Arnaud tente un radeau de secours a coups de pompes dans l’annexe, qu’on puisse s’échapper par la plage qui est a proximité. A tribord, un couple passe au moteur. On les hèle comme si Tortuga allait par le fond, toutes mains dehors et la voix forte. Ils s’approchent étonnés, nous lance un bout. Notre capitaine leur explique que nous sommes exclus du continent jusqu’au lendemain et que les négociations s’annoncent mal. Ils rient et embarquent la capitaine d’un air entendu, une solution déjà dans leur besace et pas d’inquiétude.
L’équipage reste penaud sur le pont, plus perdu que jamais. Tortuga semble soudain si exiguë qu’on ne sait plus où s’asseoir. Géraldine débarque sur un autre navire, non loin, et discute avec un groupe d’hommes. Bientôt on vient aussi nous chercher, et nous nous retrouvons tous sur le San Antonio, un bateau-plateforme qui fait office de capitainerie pour le port informel qui s’est créé au revers du yacht club. Accueil des exclus du parterre de marbre et des verres de champagne.
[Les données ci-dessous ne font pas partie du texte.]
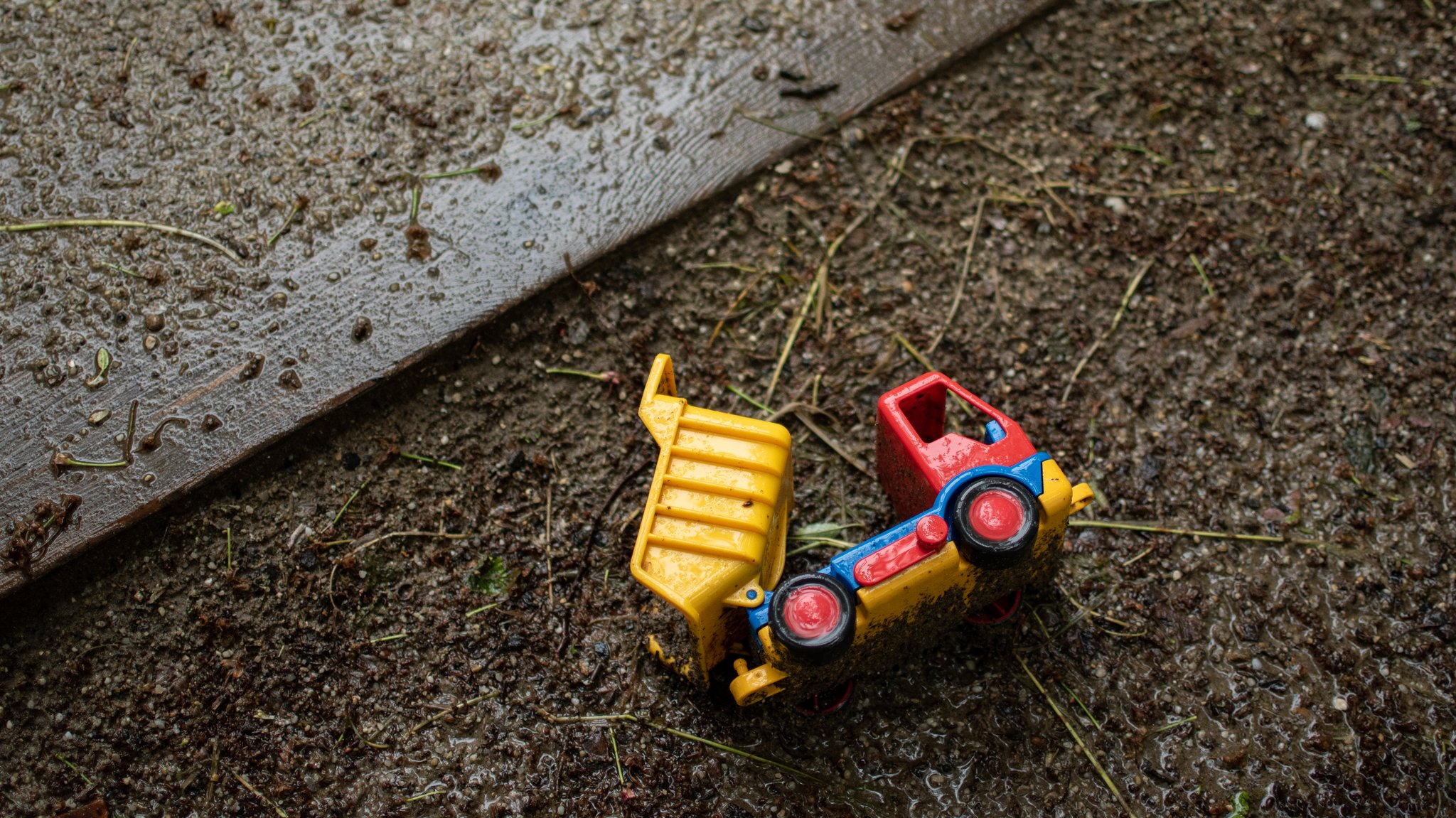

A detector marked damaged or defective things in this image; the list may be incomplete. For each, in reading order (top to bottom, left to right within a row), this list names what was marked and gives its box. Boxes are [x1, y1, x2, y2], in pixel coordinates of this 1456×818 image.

overturned toy vehicle [631, 355, 1086, 708]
On boit de la bière en dévorant des saucisses. Le San Antonio à côté des voiliers Idéfix et Tutatis. On se dit qu’ils sont fous ces cariocas, et qu’on a bien notre place ici. Une heure plus tard, Tortuga est amarrée à une bouée et nous attablés devant une grillade qui nous coupe la parole pour ne laisser place qu’à de grandes exclamations de plaisir. Rio commence.
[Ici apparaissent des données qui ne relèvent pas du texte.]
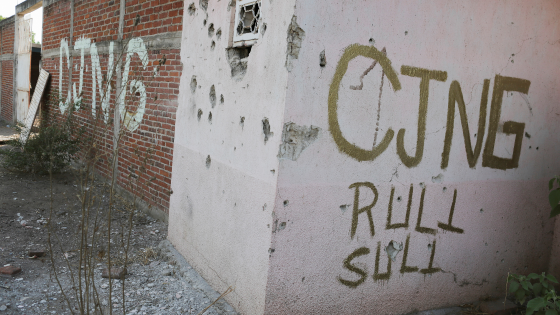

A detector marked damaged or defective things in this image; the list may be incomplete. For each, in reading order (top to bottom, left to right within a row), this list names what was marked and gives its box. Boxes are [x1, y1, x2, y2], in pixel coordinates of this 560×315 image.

peeling paint [286, 16, 304, 72]
peeling paint [278, 122, 322, 162]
ça s’enchaine. L’école de communication qui devait accueillir notre résidence ne répond plus à nos emails. A la rue encore une fois. Notre date de début repoussée jusqu’en milieu de semaine. J’embarque mon ordinateur dans un sac étanche et rejoint la rive pour m’installer dans un bar, écrire et commencer d’une façon ou d’une autre notre nouveau film. Je marche dans les rues d’Urca en m’agrippant à mon baluchon de plastique dur, peu sereine de sortir ainsi au grand air un de nos principaux outils alors que Bernardo semble si inquiet de consulter son téléphone sans s’être d’abord refugié dans une boutique, un coin sombre.
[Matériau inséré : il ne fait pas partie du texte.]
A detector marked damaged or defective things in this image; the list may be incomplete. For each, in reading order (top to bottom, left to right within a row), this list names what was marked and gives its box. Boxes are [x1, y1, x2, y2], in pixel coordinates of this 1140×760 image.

Je passe sous un pont, juste derrière notre petite plage, et croise les portes de l’Institut européen du Design. C’est un bâtiment fait de grands espaces, au parterre de bois et aux vitres immenses. Vue sur la plage. Une petite cafétéria où je rencontre Alexandre. Le directeur de l’Institut a les cheveux longs et les yeux noirs. Une vraie lumière. A peine un échange, et il nous donne une salle pour six jours. On arrivera chaque matin à la rame, les pieds mouillés, les mollets couverts de sable. Travailler les orteils dans l’eau, vers la mer, pour la mer. Tortuga depuis la fenêtre, se balance au gré des remous des petits bateaux à moteur qui la dépassent. Nos affaires dans de grands sacs bien fermés pour la traversée, aquarelles et pastels, crayons et ordinateurs, papier. On s’installe là comme dans un palais. Onctueusement.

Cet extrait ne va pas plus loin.